[Intel-gfx] The whole round of i-g-t testing cost too long running time
Yang, Guang A
guang.a.yang at intel.com
Wed Apr 16 11:27:32 CEST 2014
> I think stopping the tests after 10 minutes is ok, but in general the point of
> stress tests is to beat on the kernel for corner cases. E.g.
> even with todays extensive set of stress tests some spurious OOM bugs can
> only be reproduced in 1 out of 5 runs. Reducing the test time could severely
> impact the testing power of a test, so I'm vary for doing that.
[Guang YANG] Agree with you, but whether stop these stress testing after 10M if it not finished will impact the effort?
> But there are tricks to speed up some tests which shouldn't affect the power of
> the testcase to find bugs, and we should definitely look into those.
>
> Does this mean that due to PRTS we now have fewer machines running tests
> on drm-intel-nightly? I've thought the idea is to share machines on an
> as-needed basis, with -nightly testing getting priority?
[Guang YANG] No, we haven’t changed the scale for existed nightly testing resources ,and the PRTS can supplement our nightly well with more old platforms(ILK,PNV), but we still lack of BDW/BYT resources in both PRTS and nightly.
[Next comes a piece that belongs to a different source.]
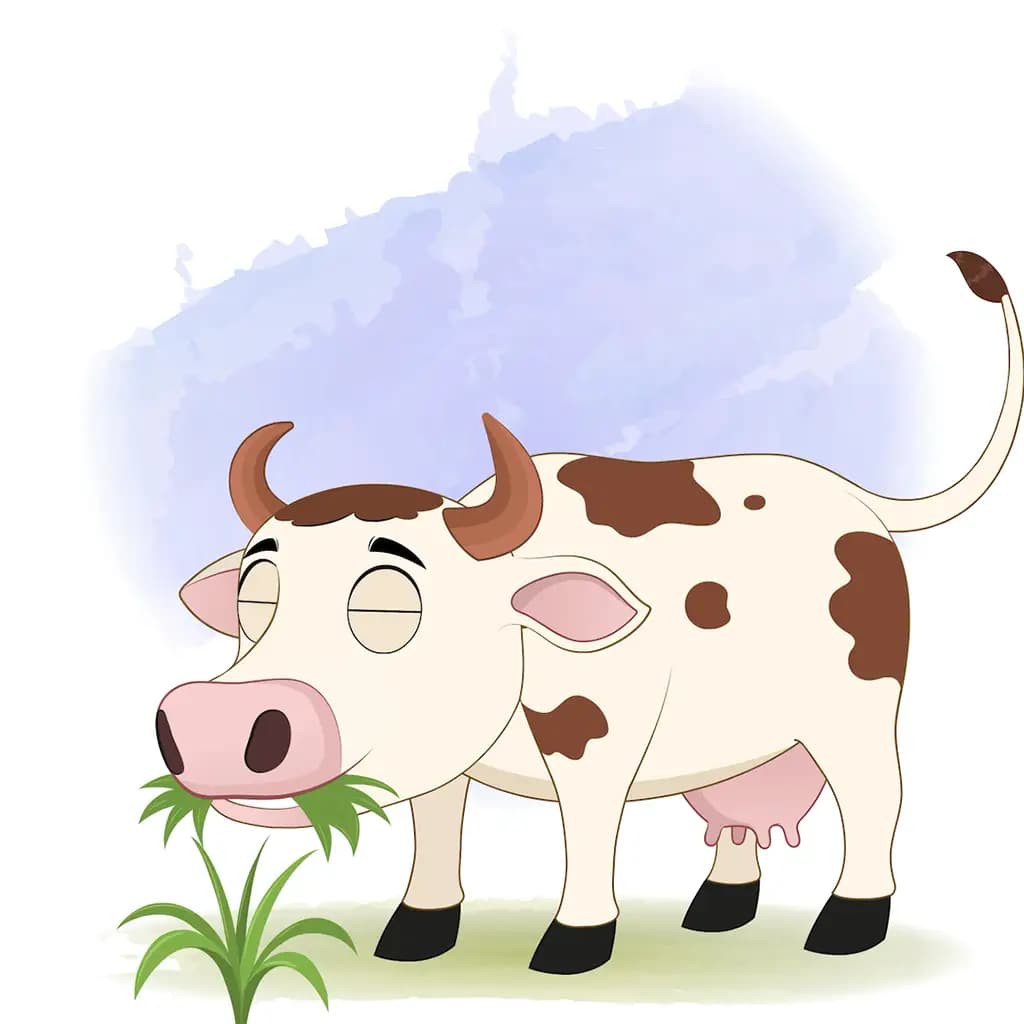 A cow eating grass animated cartoon character aka choti the cow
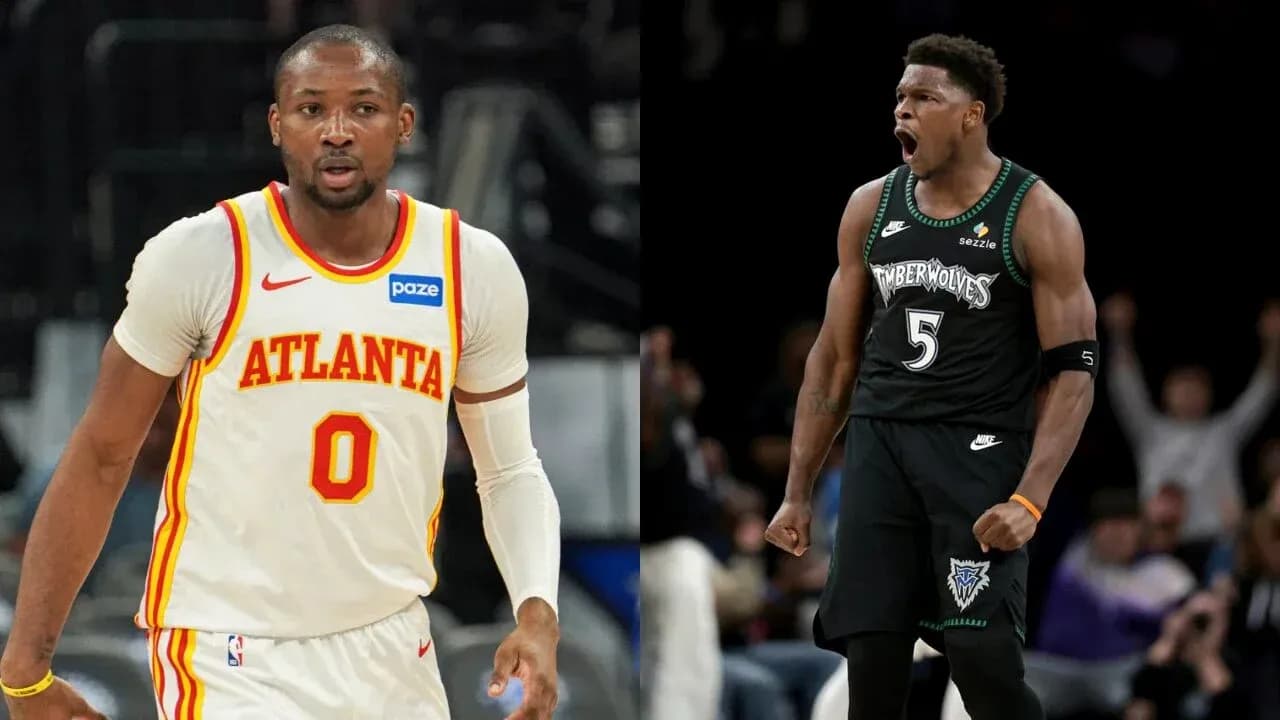 Jugadores de baloncesto de Atlanta y Timberwolves en acción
These new platforms are important and most of the bug reported on them. Running tests, checking patches, doing the bisect work keep the machine resources always busy. Shuang still hard work on sharing machines between PRTS and nightly.
>
>
> Yeah keeping your overall test-runner infrastructure makes sense. The idea
> behind my proposal to use piglit to execute the individual tests is to share
> analysis scripts. That won't make the tests run any faster, but it should (in the
> long term at least) speed up the triaging a lot. And the high amount of time
> required for bug triaging also seems to be an issue for you guys.
[Guang YANG] Great, improve the analysis script or tool will be comfortable for QA, We can catch the regression more accurately for such as BackTrace. Do you have any plans? QA can also take over some tasks.
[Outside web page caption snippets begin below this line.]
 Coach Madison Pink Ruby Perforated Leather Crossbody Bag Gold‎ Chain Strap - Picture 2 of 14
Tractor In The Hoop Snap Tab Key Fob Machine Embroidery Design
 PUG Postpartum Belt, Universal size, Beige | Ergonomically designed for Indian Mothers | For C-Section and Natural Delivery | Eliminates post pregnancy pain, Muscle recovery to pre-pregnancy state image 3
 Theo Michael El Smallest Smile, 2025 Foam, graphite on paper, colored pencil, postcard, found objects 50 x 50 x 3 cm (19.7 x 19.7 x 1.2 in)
> I agree that for a quick sanity test a reduced test set makes sense.
> Which is why we have a testcase naming convention which can be used
> together with the piglit -x and -t flags. I do that a lot when developing things.
>
> But for regression testing imo only the full test suite makes sense, otherwise
> we just have a false sense of security. I.e. if the full set means we can only run
> it every 2 days then I prefer that over running only a subset. Also very often
> there are other issues delaying the time between when a buggy patch was
> committed and when the full bug report is available, so imo the 10h runtime
> isn't too bad from my pov really.
> -Daniel
> --
> Daniel Vetter
> Software Engineer, Intel Corporation
> +41 (0) 79 365 57 48 - http://blog.ffwll.ch[Guang YANG]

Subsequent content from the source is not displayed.